The deal announced Tuesday calls for DuPont Pioneer to make four annual fixed royalty payments totaling $802 million from 2014 to 2017 for trait technology and data and to support commercialization of new soybean technology.

In addition, DuPont Pioneer will begin in 2018 to pay royalties on a per-unit basis for continued technology access to two new soybean products - Genuity Roundup Ready 2 Yield and Genuity Roundup Ready 2 Xtend. The annual minimum payments will total $950 million through 2023.

"The financial terms are attractive, the product options are attractive and the flexibility it gives to our technology pipeline all were attractive," Schickler said. "The time today was right to get this done."

Under the seed-licensing deal, Pioneer will have more flexibility to create products that help growers, he said.

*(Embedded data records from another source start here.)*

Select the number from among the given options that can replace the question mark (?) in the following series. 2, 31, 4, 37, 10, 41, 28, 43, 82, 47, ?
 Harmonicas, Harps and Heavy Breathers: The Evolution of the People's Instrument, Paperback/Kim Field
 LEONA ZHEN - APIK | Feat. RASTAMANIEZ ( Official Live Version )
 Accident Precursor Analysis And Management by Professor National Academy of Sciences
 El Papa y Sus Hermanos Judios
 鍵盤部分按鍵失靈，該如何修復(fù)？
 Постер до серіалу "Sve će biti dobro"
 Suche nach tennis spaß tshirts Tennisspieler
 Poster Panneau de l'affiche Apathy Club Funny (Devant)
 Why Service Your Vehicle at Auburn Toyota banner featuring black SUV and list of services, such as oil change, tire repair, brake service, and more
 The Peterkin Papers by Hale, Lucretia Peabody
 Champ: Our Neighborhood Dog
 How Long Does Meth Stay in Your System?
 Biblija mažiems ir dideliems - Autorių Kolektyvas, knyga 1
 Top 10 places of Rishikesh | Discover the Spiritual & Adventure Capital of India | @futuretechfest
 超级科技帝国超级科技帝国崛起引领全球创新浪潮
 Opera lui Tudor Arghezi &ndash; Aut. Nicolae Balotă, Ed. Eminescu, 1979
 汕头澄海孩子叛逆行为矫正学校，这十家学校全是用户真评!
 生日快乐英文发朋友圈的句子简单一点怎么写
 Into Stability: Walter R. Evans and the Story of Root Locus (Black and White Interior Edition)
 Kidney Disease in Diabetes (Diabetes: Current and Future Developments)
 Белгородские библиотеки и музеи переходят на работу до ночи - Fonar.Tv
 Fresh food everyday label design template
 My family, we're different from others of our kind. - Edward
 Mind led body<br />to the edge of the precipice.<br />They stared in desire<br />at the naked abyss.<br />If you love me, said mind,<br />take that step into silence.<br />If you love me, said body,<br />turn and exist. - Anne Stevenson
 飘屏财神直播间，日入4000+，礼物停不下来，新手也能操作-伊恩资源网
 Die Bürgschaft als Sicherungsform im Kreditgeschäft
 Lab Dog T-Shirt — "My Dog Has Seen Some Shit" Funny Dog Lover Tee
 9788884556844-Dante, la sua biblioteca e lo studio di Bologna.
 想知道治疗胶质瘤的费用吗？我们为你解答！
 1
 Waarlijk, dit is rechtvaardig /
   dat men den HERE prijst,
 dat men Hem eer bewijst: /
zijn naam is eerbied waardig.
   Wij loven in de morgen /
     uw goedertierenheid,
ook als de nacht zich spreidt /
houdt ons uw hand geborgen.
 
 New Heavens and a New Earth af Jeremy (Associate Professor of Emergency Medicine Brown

Schickler said the two firms have been engaged in discussions as part of the ongoing litigation for several years, but talks intensified in the last few weeks as it was apparent they were nearing an agreement.

Together, DuPont and Monsanto share about two-thirds of the North American corn and soybean seed markets, and each firm has funneled millions of dollars to develop new traits to be the first to get better versions of their seed technology to market.

More than 90 percent of U.S.-grown soybeans have the Roundup Ready trait and more than 200 seed companies license the technology from Monsanto. Roundup Ready Soybeans, which are resistant to the Roundup and other glyphosate-based herbicides, were introduced by Monsanto in 1996. Other crops have since adopted the technology, including corn and cotton.